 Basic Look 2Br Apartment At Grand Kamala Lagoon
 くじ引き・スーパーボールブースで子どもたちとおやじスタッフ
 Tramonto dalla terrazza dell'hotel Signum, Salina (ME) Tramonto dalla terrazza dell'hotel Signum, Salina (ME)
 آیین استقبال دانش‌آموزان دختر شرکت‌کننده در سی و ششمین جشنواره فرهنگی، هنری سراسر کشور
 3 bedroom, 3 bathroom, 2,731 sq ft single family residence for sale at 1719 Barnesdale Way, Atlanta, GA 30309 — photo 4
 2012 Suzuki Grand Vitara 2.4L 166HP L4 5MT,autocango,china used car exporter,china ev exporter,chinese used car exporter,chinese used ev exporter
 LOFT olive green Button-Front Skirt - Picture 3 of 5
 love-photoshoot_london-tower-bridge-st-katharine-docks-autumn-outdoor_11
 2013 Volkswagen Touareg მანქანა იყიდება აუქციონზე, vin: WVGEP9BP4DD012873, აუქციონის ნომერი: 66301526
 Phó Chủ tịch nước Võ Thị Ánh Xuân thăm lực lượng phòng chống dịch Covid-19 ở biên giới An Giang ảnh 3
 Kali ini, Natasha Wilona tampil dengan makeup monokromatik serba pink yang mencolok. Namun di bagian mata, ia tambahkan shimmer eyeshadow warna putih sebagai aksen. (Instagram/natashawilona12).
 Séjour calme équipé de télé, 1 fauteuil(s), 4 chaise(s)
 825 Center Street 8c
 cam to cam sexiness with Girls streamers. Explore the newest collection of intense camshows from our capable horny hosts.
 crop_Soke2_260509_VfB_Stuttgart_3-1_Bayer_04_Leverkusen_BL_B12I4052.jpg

*Requirement*:
From the data above, copy each line with the string "Grand" in it.

*Result for this task*:
 Basic Look 2Br Apartment At Grand Kamala Lagoon
 2012 Suzuki Grand Vitara 2.4L 166HP L4 5MT,autocango,china used car exporter,china ev exporter,chinese used car exporter,chinese used ev exporter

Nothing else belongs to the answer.